Did you know... nachos got its name from the guy that made it? True story apparently.
One day back in 1940 in a restaurant, Ignacio "Nacho" Anaya was asked to make a different snack for a customer, saw some odds and ends in the restaurant, put em together and brought it out. When asked "what is this?" they answered "Well, I guess we can just call them Nacho's Special".
And then every drunk person for the next millenia just fell in love.
Celebrate Ignacio's invention with International Day of the Nacho.
Took me a moment to figure out why his nickname was 'nacho'... Ignacio... Ig-nach-io... nacho.
Guy should have won a Nobel Prize.
Which was also named after a person - one Alfred Nobel, who was born on this day in 1833.
Alfred was an inventor and by far most well known for his patent on dynamite in 1867.

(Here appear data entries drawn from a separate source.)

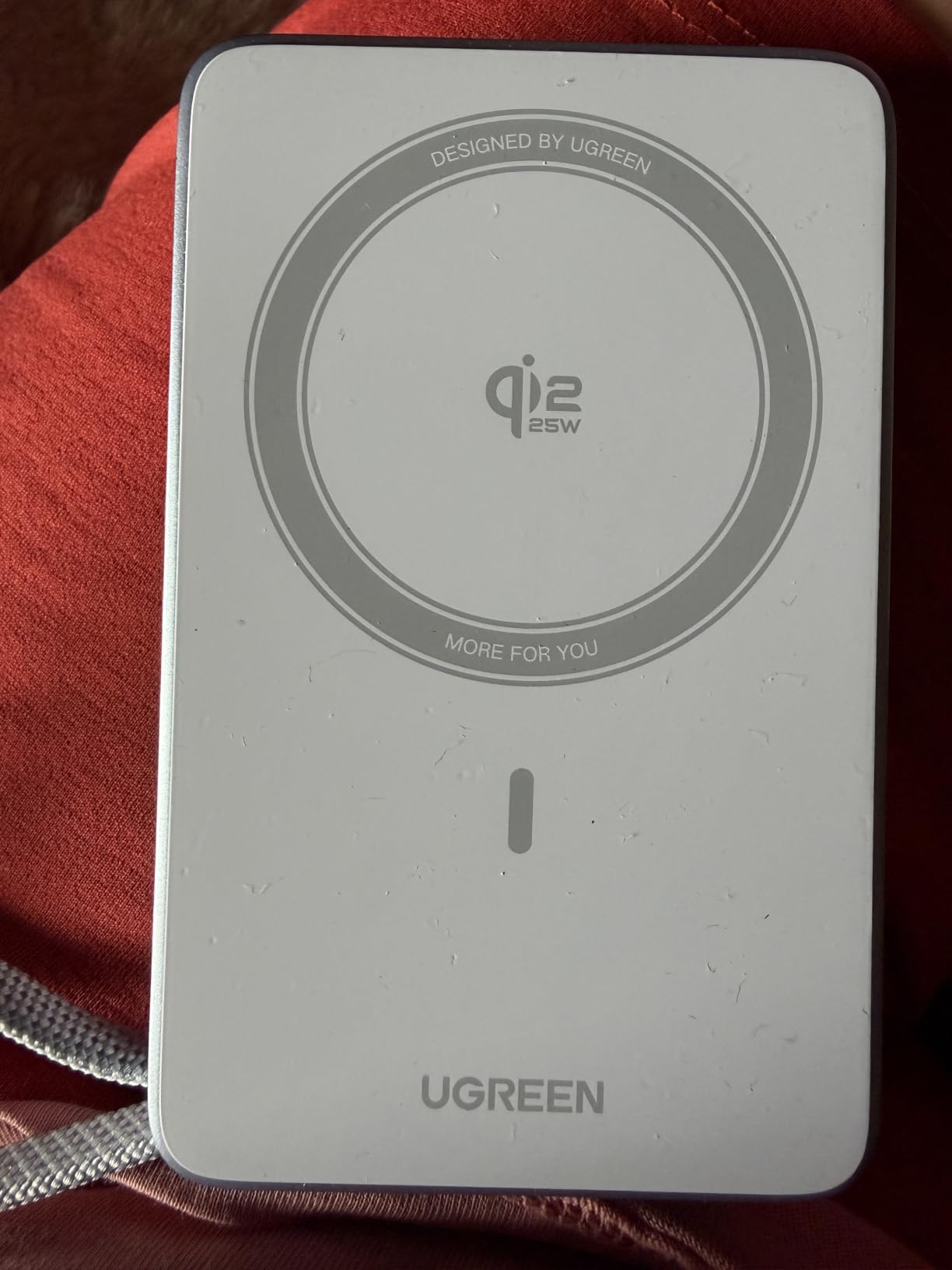 UGREEN MagFlow 10000mAh Qi2 25W Wireless Power Bank Built-in Cable | Qi2 25W wireless, built-in cable, 30W PD wired. MagSafe compatible. Grey. for iPhone 17/12 customer photo 2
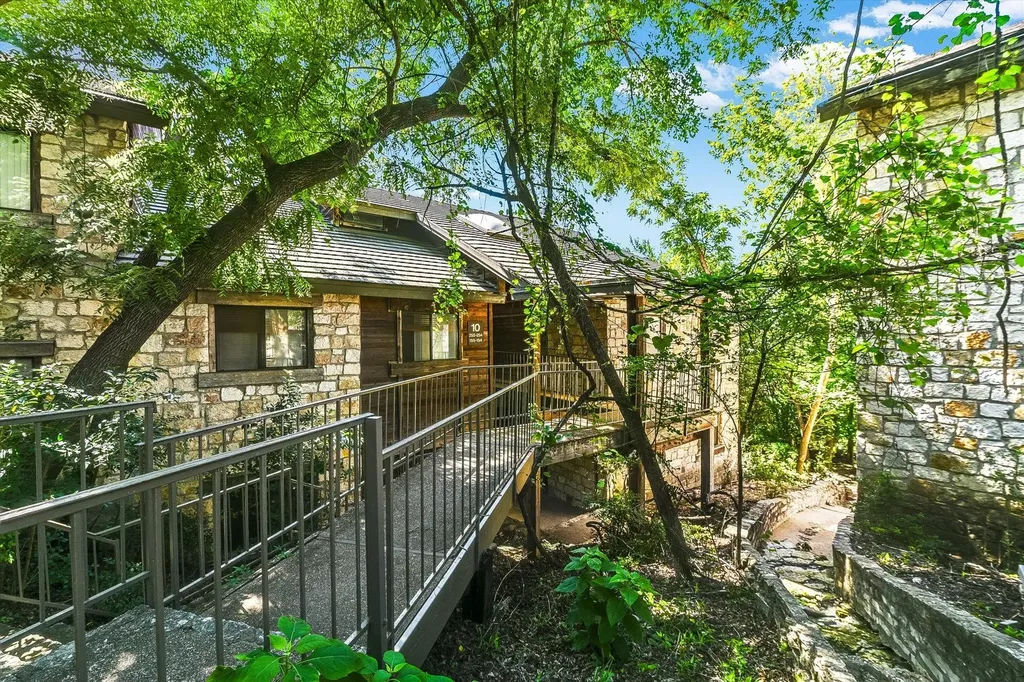 8200 Neely Drive Austin TX 78759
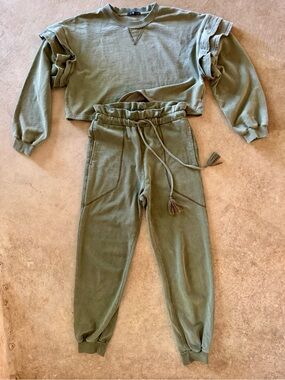 7 For All Mankind Olive Green Cropped Sweatshirt & Jogger Set - size XS/S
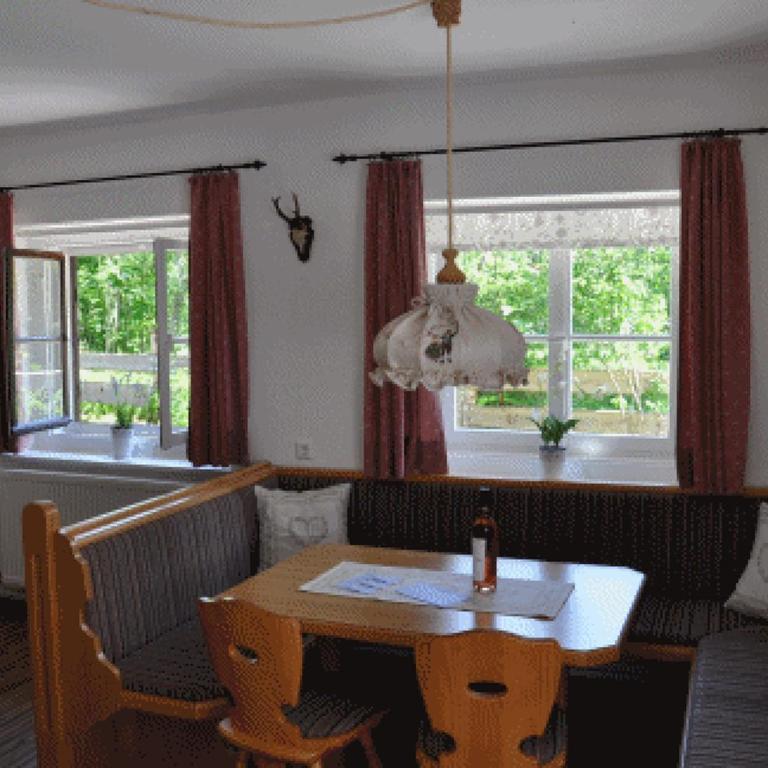 Forsthaus Reit im Winkl - Apartment mit 2 Schlafzimmern und Gartenblick - 9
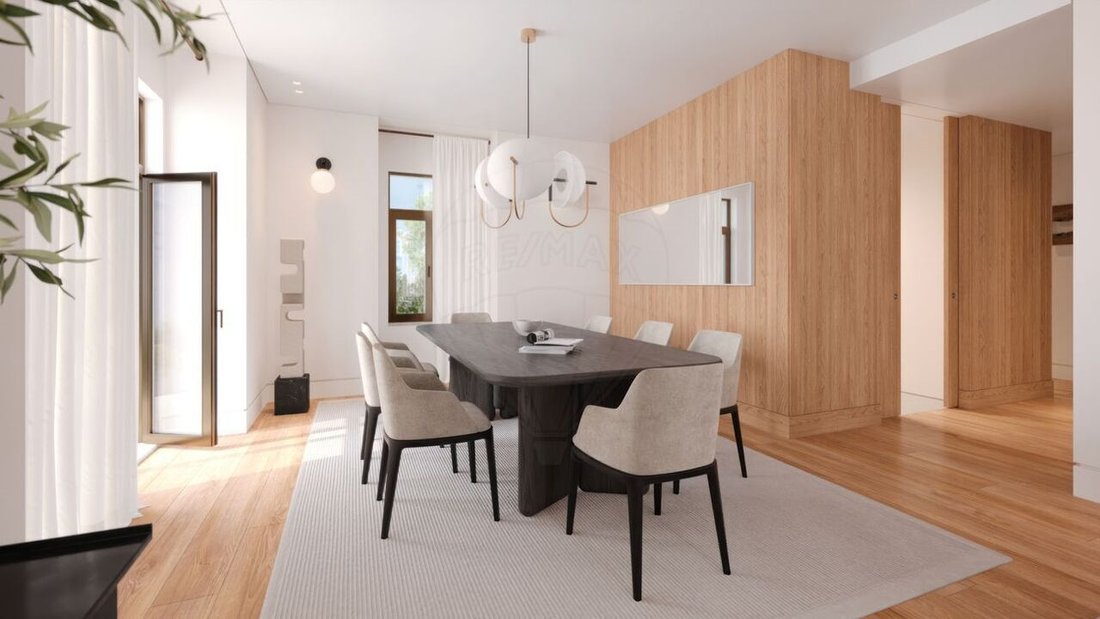 Condo/Apartment T3 For Sale In Estoril, Lisbon, Portugal For Sale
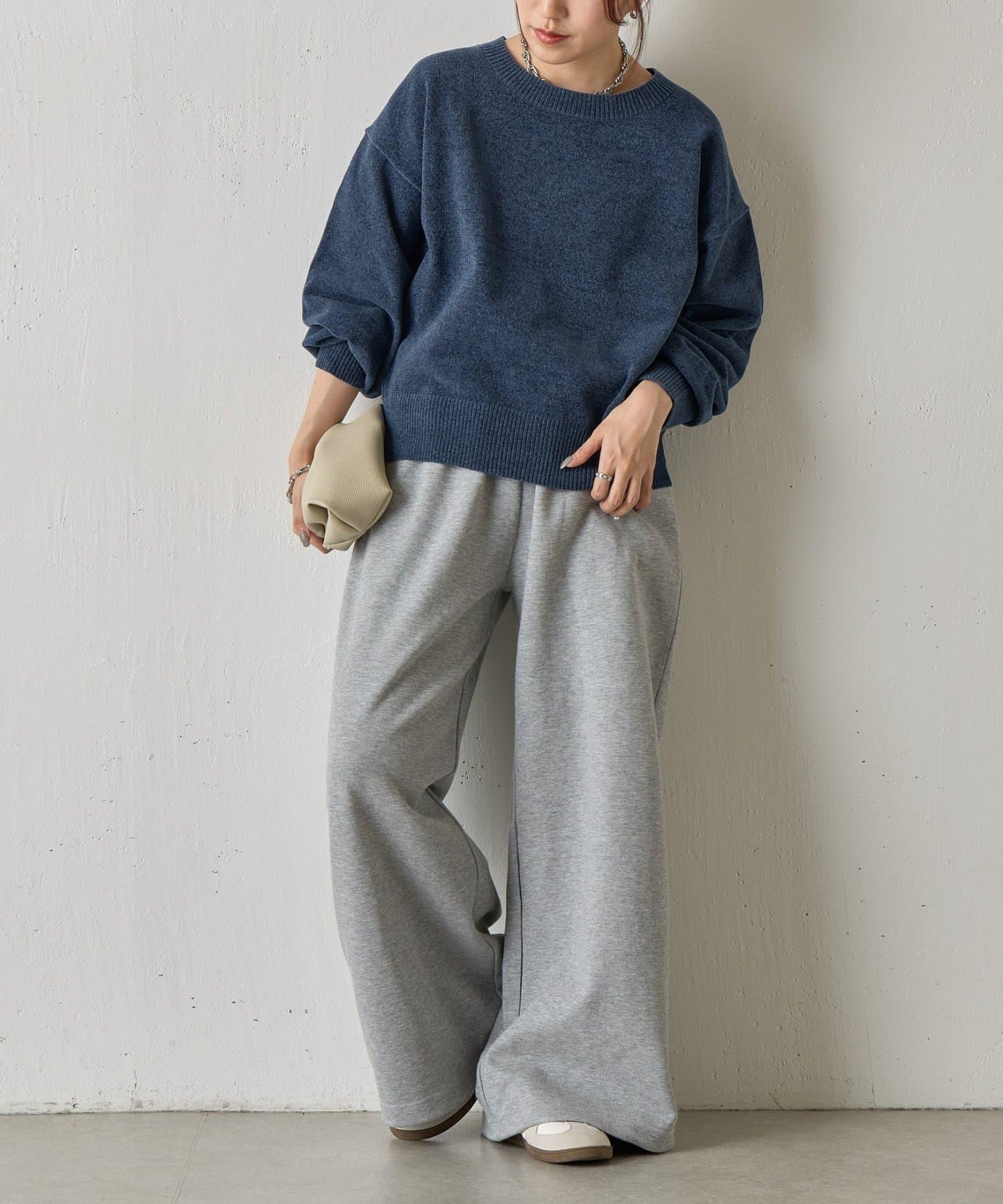 天鵝絨毛圈圓領套頭衫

[interesting side note from the inner chemist - dynamite is a mixture of nitroglycerin as a safer means of transporting and exploding with a patented blasting cap... not to be confused with the red sticks you see in the cartoons that are TNT, trinitrotoluene]
Alfred was concerned over his use of dynamite in the war and people thinking he was profiting off of death, he left his vast fortune to start the Nobel Prize.
Dynamite for War, leading to a Nobel Prize, one of which is the Nobel Peace Prize... the next connection to October 21st is for the first ship in the Royal Canadian Navy, the HMS Niobe.
Originally launched in 1897 in the UK, the ship was sent to Canada and arrived in Halifax on October 21, 1910, our first ship.
2014 Canada officially recognized the date as "Niobe Day".